In the Supreme Court of Nigeria
Holden at Abuja
On Friday, the 13th day of March, 2020

Before Their Lordships
Olabode Rhodes-Vivour
Mary Ukaego Peter-Odili
Chima Centus Nweze
Amina Adamu Augie
Ejembi Eko
Justices, Supreme Court


1. Apostle Peter Ekweozor
2. Rev. K. Oyema
3. The Registered Trustees of the
Saviour’s Apostolic Church… … …Appellants


The Registered Trustees of the
Saviour’s Apostolic Church of Nigeria… …Respondent

(Lead Judgement delivered by Honourable Mary Ukaego Peter-Odili, JSC)
The 1st and 2nd Appellants were formerly priests of the Respondent church, previously known as Saviour’s Church of Nigeria. The 1st and 2nd Appellants resigned in 1977, but after their resignation, they refused to quit the church premises. Rather, they set-up another church as the Saviour’s Apostolic Church and operated from the Respondent’s premises. The Respondent therefore, commenced an action at the High Court of Anambra State claiming, inter alia, a declaration that it was entitled to a Statutory Right of Occupancy over the premises.

The Respondent pleaded and gave evidence that the land was granted to a certain John Ekweozor (deceased) in 1952 by Awka Local Government Council, for the establishment of a church. The Respondent averred that, in 1961, the church was incorporated as Saviour’s Church of Nigeria at the Corporate Affairs Commission and issued a certificate with registration No.558. In 1986, the name of the church was changed to Saviour’s Apostolic Church of Nigeria, and another certificate was issued to it with the same registration number. It was further stated that the Respondent is interchangeably referred to as “The Saviour’s Apostolic Church” or the “Saviour’s Apostolic Church of Nigeria Eastern State” (with or without “THE”).
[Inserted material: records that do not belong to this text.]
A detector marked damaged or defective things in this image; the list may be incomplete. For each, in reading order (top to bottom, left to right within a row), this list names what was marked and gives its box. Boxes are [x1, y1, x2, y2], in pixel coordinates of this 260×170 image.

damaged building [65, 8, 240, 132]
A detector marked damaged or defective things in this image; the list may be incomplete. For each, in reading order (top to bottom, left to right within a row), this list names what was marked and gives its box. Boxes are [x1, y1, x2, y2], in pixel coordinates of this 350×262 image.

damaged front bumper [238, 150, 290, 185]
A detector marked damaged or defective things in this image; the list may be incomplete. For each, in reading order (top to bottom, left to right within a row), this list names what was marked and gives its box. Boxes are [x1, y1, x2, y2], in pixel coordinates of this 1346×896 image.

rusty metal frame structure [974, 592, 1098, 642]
The Appellants, on the other hand, alleged that the Saviour’s Apostolic Church has been in possession of the church premises and that there is no church by the name Saviour’s Apostolic Church of Nigeria in Awka. The Appellants claimed further that, a narrow part of the land in dispute was initially granted to the late John Ekweozor but the entire land was granted to the 1st Appellant as a personal gift by the Ezi-Akwa Elders through their attorney via a memorandum in 1972.
At the conclusion of trial, the court delivered judgement in favour of the Respondent. The Appellants unsuccessfully appealed to the Court of Appeal, and this led to a further appeal to the Supreme Court.

Issues for Determination
In resolving the appeal, the Supreme Court considered the following issues –
1. Whether the action was competent having been commenced at the High Court of Anambra State by the Respondent, instead of Saviour’s Church of Nigeria.
2. Whether the Respondent discharged the burden of proof placed on it, in line with the provisions of the Evidence Act.
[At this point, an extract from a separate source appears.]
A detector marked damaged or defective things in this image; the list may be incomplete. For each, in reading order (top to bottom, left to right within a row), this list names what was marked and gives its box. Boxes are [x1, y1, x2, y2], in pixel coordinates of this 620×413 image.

Arguing the first issue, the Counsel for the Appellants submitted that the suit ought to have been heard and determined by the Federal High Court and not the High Court of Anambra State, as it is not just a land matter but a suit that principally revolves around the operation of the associations incorporated under Part C of the Companies and Allied Matters Act (‘CAMA”). He argued that when the jurisdiction of a trial court is challenged, the court has the duty to consider the entire case of the Plaintiff without limiting itself to the reliefs. He cited the case of A.S.T.C. v QUORUM CONSORTIUM LTD. (2009) 9 NWLR (Pt. 1145) 25-26 in support of this position. He contended further that, from the facts and evidence on record, the incorporated entity called Saviour’s Church of Nigeria is not the same as Saviour’s Apostolic Church of Nigeria. The subject-matter of the dispute was vested in Saviour’s Church of Nigeria and the action ought to have been commenced in that name, and not in the name of the Respondent who lacked locus standi to institute and maintain the action. It was argued that, the issue of change of name of Saviour’s Church of Nigeria was imported by the trial court and affirmed by the Court of Appeal, as same was not canvassed by the parties.

Countering the submission above, counsel for the Respondent argued that the reliefs sought by the Respondent were clearly within the jurisdiction of the High Court of Anambra State, as the claims were essentially for declaration of title to land, damages for trespass and injunctive order. She contended that the issue concerning CAMA, was a new angle which the Appellants were trying to set up. Counsel cited and relied on the case of AKUNEZIRI v OKENWA (2000) 15 NWLR (Pt. 691) 526. She argued further that, the Respondent led evidence in respect of the pleaded facts as to the change of name and the use of the names interchangeably.

Regarding the second issue, it was argued on behalf of the Appellants that the Respondent predicated its entitlement to the land in dispute on a grant by Awka Local Government Council, and averred that a document evidencing the said grant was issued to it. The Appellants submitted that, the only acceptable evidence to prove the grant or allocation is a certified true copy of the document of grant or title in line with Section 85(1), 89 and 105 of the Evidence Act. He cited the case of ILONA v IDAKWO (2003) 11 NWLR (Pt.830) 53 at 84. Further, he posited that given the Respondent’s failure to produce the document of title, it had failed to prove its entitlement to the disputed land. He argued that, there was no evidence of traditional history on the record of proceedings to support the claim for a declaration of title, and the lower courts erred in holding that the Respondent established its title by evidence of traditional history.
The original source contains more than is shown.